Archos has been plugging away at tablets longer than almost all of its rivals. The Arnova 10 sits towards the bottom of the company's sizeable range, priced at a lowly £150 or thereabouts. It's not designed to compete with high-end models like the iPad 2, but rather to provide a better experience than the flood of cheap devices now appearing on the market from unheard of Chinese brands.
The Arnova 10 is based around a large, wide-screen, 10.1-inch display. The tablet is far wider than it is tall -- much more so than most other tablets on the market. As a result, it feels rather top-heavy when you're holding it in portrait orientation.
The screen dominates the front of the device, but there's also a small camera peeping out of the bezel. The tablet is fairly slim at 13.5mm, and it's constructed entirely from plastic, with a mock brushed-aluminium section surrounding the screen.

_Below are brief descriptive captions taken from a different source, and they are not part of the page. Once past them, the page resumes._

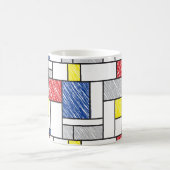 Mondrian Scribbles minimalist de Stijl Modern Art Koffiemok (Center)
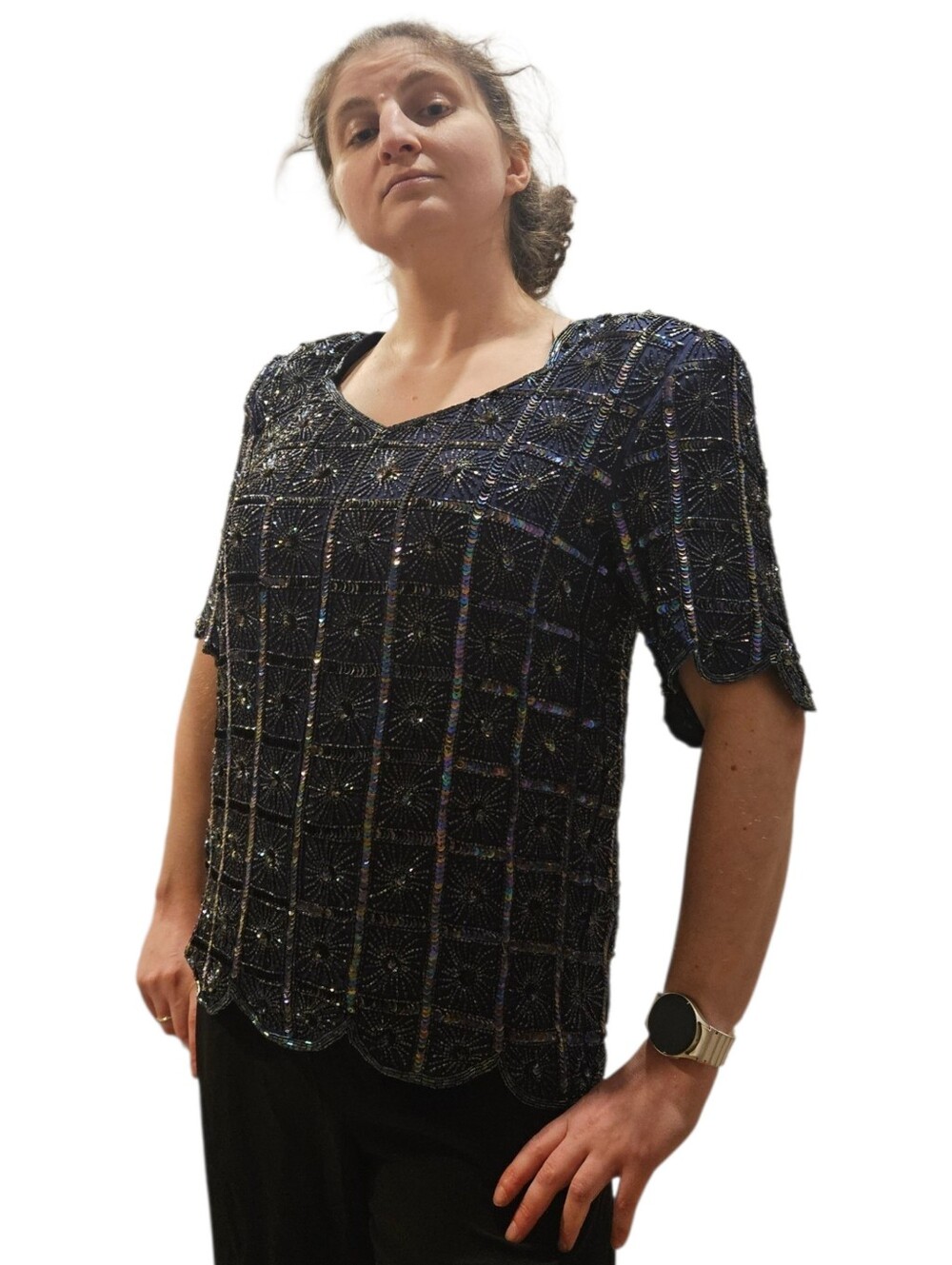 Eve's Allure 1980s Vintage  Midnight Blue Beaded Scallop Hem Short Sleeve Top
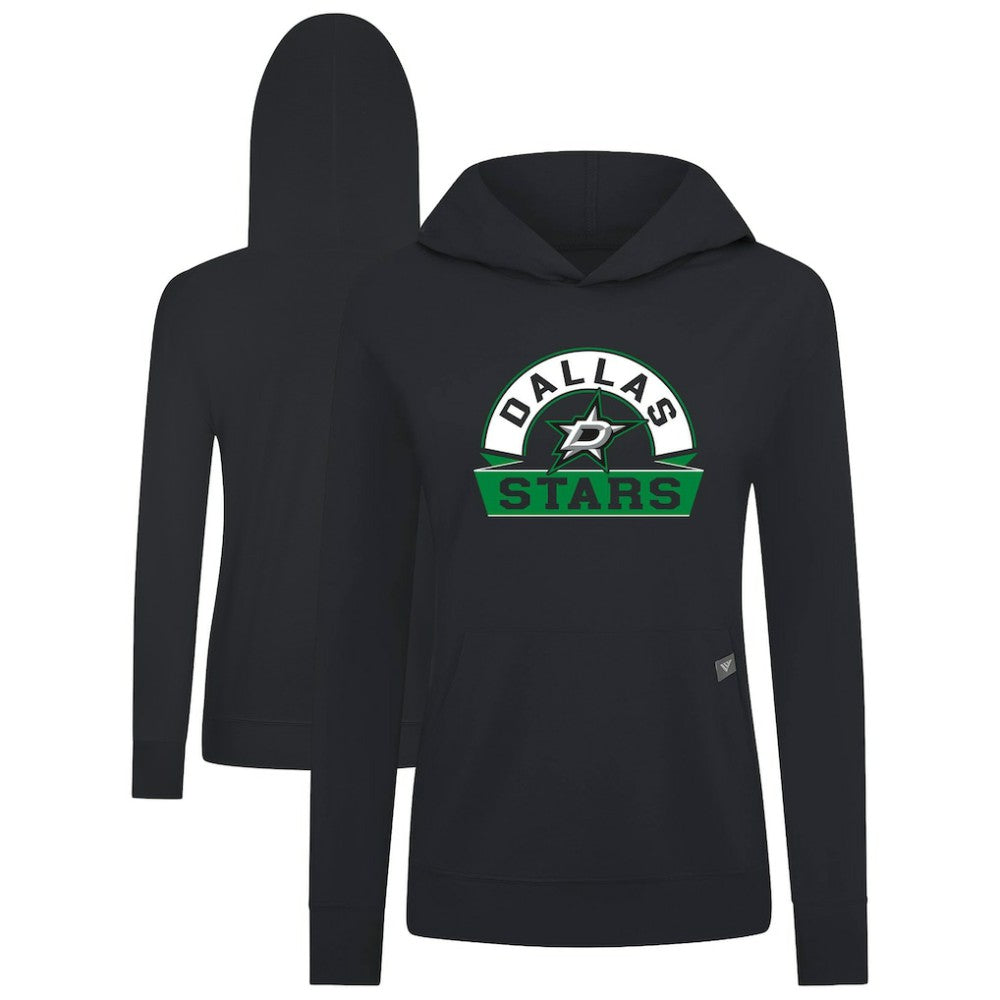Dallas Stars Levelwear Women's Relay Banner Arch Pullover Hoodie - Black - NHL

Although nowhere near as sturdy as high-end tablets like the iPad 2, the build quality isn't bad.
The only physical controls are mounted on the left-hand edge. They include a volume rocker button and a power button that doubles as a lock switch. Beneath these, there's a full-sized USB port for connecting memory keys or hard drives to the tablet, plus a micro-USB port that's used for syncing it with a PC. You can't charge the tablet over USB, however. Instead, you have to use the charging port that's found beneath the micro-USB port.
The left side of the device is also home to the microSD card slot, which you can use to boost the device's internal storage. Our review model had 4GB of storage space, but there's also an 8GB version available for about £50 extra.
Stale Eclair software
The tablet runs, which is far from the latest version of Google's mobile operating system. It's rather baffling that Archos has used this version, as 2.1 Eclair is generally considered to be slower than 2.2 Froyo, and the Arnova 10 isn't a high-powered device to begin with.
Because the device doesn't have any physical buttons for controlling Android, Archos has instead put its own skin over the top of the software to provide virtual home, back and menu buttons. These have been placed at the top of the screen, though, so they're awkward to use when you're holding the tablet in landscape mode.